A Brief Thought Experiement

Consider, if you will, two men each running for office in two modern Western democracies. Let's follow their paths to leadership and see what they have in common and what sets them apart. Just for fun, you understand.

Don and Jim start off being very different even to a keen observer. Don is fat, loud and brash, extremely rich and somewhat influential with the upper political echelons. He doesn't care a jot if what he says is offensive or stupid and no-one would call him a great orator. "Intellectual" is probably the last thing you'd call him, although "boring" would be another very strong contender.

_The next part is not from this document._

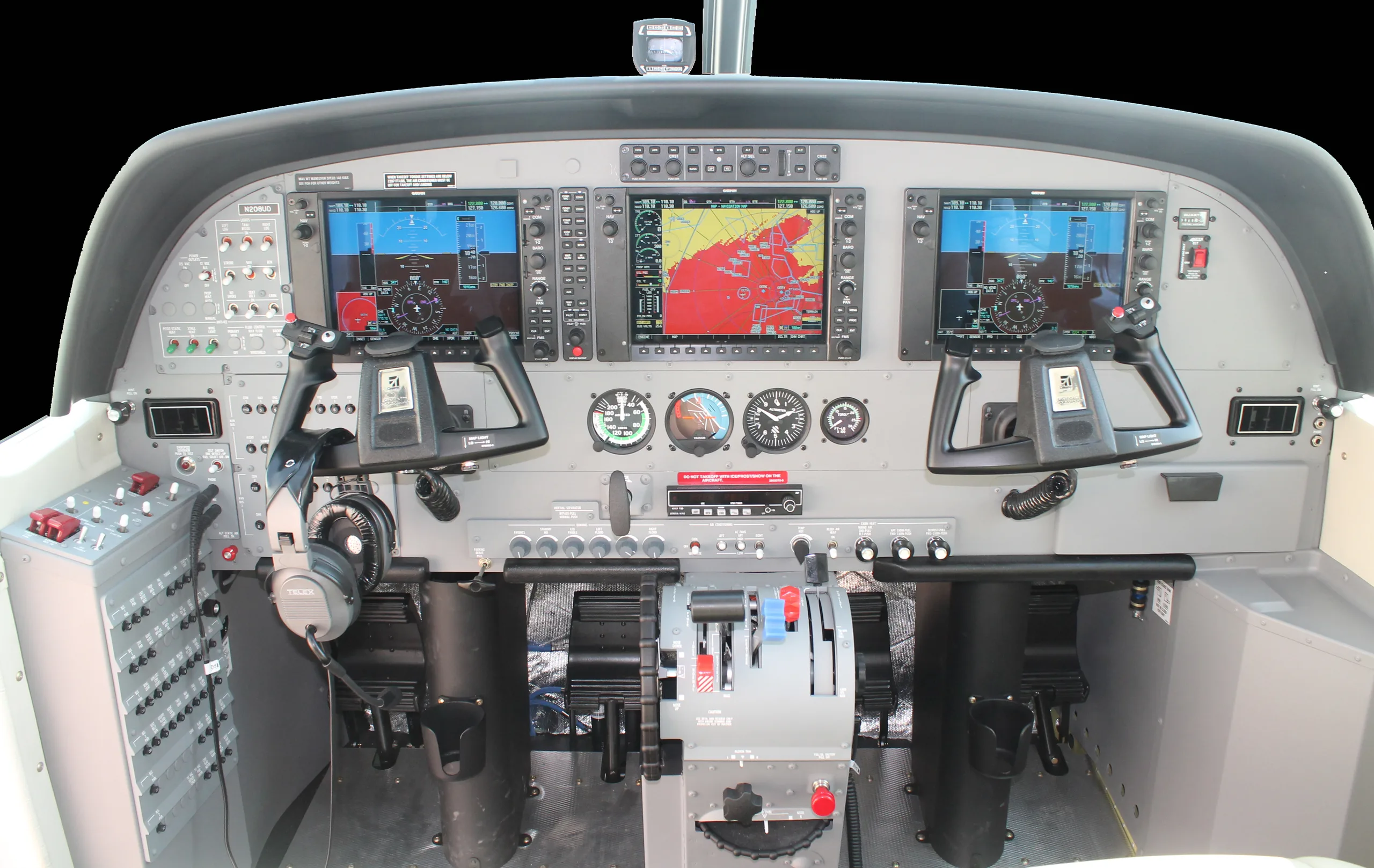 The cockpit of an aircraft features a modern glass panel with two large displays and traditional gauges.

Jim, on the other hand, is somewhat more slender, generally quiet, reserved and very serious. He's no pauper, but neither is he anywhere near the financial elite.  His style of speechmaking is calm and measured, perhaps a tad on the dull side. "Intellectual" might be a bit of a stretch, but he seems infinitely more well-informed and rational than Don.

They are not quite entirely dissimilar though. Like Don, Jim too doesn't care very much if his statements are offensive. Both are either extremely thick skinned or literally don't care what their opponents think of their policies. Both appeal to their supporters by virtue of their apparent honesty, and both are derided by their detractors as being morons. Both make statements which their supporters defend in the name of free speech. Both throw the odd tantrum, though while Don genuinely doesn't care what people think of his policies, he can't tolerate any personal criticism whatsoever. Both could be described as inveterately smug.

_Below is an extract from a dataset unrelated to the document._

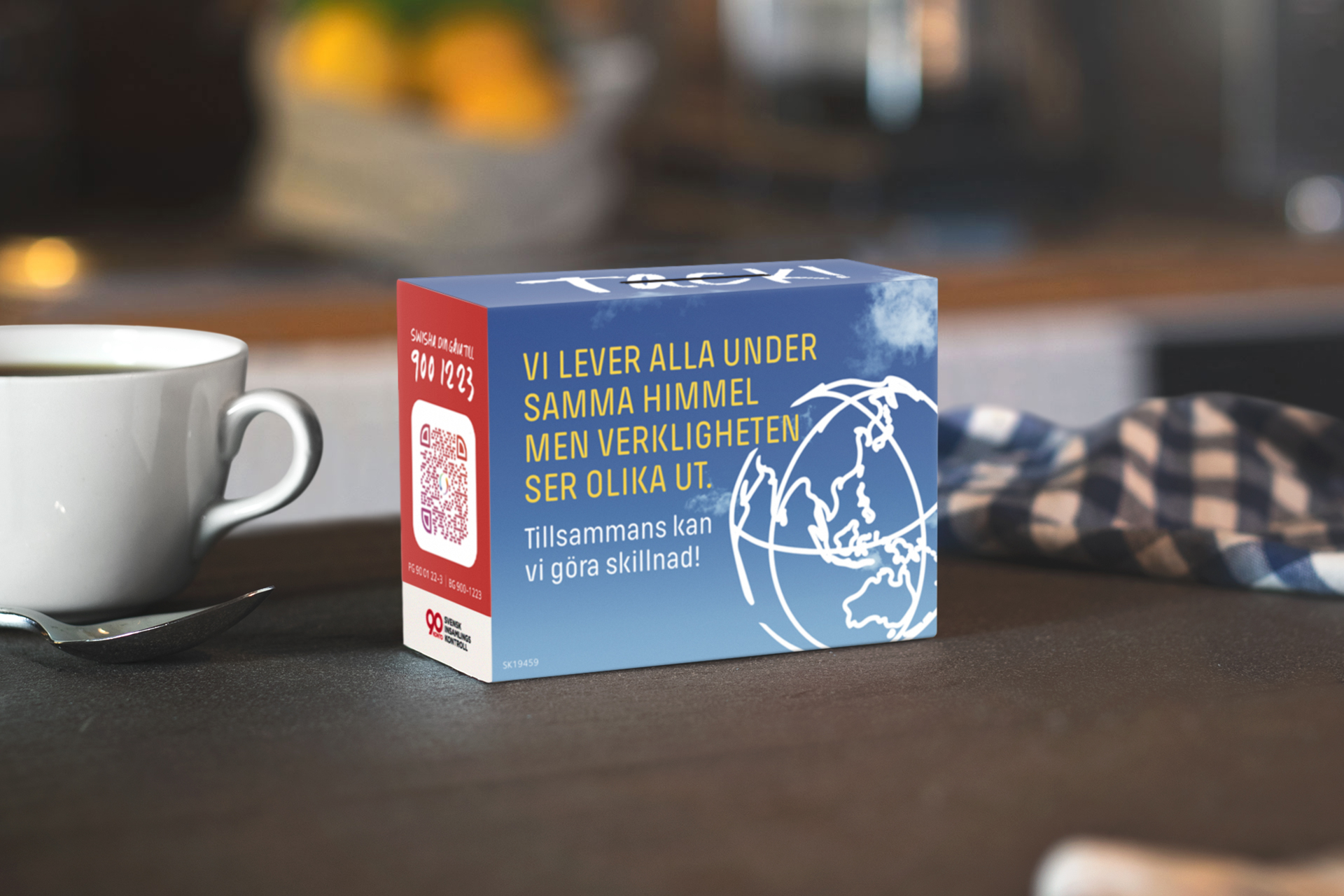 Fastebössa som uppmanar till gåva står på ett bord bredvid en kaffekopp.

Now Don and Jim are at opposite ends of the political spectrum. Don is far right, pro-business and anti-government. Jim is far left, pro-regulation and pro government. Don begins outside the political mainstream whereas Jim is a career politician. Don's policies are often accused of being both stupid and cruel, whereas although Jim's are often touted as stupid they are seldom if ever accused of being cruel. Both, however, are very much at the ends of the political spectrum.

Both men languish in political obscurity, and both have remarkably unsuccessful careers. Jim's biggest success is being elected for 30-odd years, but he's never given a single speech anyone can remember, held office, or even been recognised as the instigator of a single major policy. In fact he's been an activist in a political group for 50 years which has utterly failed to accomplish its objective because no-one cares about it very much. He is moral, perhaps, but not effective. He does, though, often like to point out how consistent he is, forgetting that this constancy hasn't actually achieved much of anything.

Don is unsuccessful for the opposite reason - he is effective but not moral. That is, his business empire is effective enough at making him lots of money (though exactly how much is disputed), but he has a longer than usual record of bankruptcies and a reputation for screwing people over. He pays millions of dollars out of court in order to avoid lawsuits. Making money for Don is what matters to Don; whether his businesses can be trusted to deliver quality goods and services doesn't much enter into the equation for him. So he too is unsuccessful, though he often likes to loudly proclaim what a good businessman he is, just as Jim likes to proclaim what a good campaigner he is even though he clearly isn't.

After decades of remarkably unsuccessful careers, these two old men (both, incidentally, also have a string of failed marriages) suddenly find themselves contesting the leadership of major political parties. Both are regarded by the establishment as no-hopers that no-one in their right mind would vote for. And yet, using their very unconventional, unorthodox and very much anti-establishment styles (albeit styles which are totally different to each other), both go on to stunning, rapid election victories.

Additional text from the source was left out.